▸ TASK DETAILS
With the records below as input, work out how many lines include the word "life". Give only the number.

Data records
####
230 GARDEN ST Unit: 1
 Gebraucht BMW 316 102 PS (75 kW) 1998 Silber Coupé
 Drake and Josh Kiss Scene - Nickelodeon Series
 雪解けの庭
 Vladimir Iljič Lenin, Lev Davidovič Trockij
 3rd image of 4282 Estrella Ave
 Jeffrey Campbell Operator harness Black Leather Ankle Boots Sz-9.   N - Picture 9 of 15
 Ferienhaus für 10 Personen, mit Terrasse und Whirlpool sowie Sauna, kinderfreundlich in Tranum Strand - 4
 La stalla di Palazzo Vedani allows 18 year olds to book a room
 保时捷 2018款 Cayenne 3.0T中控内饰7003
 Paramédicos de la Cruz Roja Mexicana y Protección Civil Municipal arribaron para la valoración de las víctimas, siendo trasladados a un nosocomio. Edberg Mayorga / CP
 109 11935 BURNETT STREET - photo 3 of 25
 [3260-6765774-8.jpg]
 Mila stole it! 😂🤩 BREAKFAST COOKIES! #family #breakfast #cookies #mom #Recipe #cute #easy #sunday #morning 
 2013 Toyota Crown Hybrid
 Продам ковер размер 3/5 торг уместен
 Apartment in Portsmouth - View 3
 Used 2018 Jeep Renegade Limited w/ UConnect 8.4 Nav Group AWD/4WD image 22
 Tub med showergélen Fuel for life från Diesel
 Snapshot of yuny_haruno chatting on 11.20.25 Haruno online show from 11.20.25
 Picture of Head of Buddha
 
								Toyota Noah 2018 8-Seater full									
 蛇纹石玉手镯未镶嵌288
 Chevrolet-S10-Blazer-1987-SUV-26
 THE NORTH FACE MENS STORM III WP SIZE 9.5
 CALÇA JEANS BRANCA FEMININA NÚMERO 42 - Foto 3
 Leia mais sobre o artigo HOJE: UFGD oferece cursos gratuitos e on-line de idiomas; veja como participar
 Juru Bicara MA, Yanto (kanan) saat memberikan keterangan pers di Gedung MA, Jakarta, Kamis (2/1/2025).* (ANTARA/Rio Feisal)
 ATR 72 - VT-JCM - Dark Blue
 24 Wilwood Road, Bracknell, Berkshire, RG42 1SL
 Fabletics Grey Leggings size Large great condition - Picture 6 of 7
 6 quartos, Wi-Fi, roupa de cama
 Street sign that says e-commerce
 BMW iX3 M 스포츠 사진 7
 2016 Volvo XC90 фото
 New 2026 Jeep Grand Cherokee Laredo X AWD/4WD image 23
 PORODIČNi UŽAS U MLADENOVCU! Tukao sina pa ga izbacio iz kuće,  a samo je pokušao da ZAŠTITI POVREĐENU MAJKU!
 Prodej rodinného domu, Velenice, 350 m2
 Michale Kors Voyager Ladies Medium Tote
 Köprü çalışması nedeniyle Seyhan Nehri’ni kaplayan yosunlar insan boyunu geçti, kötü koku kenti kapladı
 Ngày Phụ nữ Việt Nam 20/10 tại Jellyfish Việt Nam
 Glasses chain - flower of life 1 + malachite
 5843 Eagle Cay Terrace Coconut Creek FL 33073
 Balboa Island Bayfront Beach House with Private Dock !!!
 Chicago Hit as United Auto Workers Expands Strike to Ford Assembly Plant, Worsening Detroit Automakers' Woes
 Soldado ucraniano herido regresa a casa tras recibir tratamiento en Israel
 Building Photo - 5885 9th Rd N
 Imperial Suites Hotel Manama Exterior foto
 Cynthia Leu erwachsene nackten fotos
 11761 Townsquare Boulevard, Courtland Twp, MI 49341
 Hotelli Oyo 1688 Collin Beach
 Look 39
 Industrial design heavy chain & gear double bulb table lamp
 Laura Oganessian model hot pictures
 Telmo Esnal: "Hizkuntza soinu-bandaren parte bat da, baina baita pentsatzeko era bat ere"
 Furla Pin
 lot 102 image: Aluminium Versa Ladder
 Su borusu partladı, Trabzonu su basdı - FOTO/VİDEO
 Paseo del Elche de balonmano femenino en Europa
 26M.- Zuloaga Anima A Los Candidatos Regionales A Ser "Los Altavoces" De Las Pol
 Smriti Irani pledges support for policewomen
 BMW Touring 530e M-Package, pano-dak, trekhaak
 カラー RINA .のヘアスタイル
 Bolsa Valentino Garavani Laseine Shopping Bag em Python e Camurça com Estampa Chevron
####
▸ ANSWER SECTION
2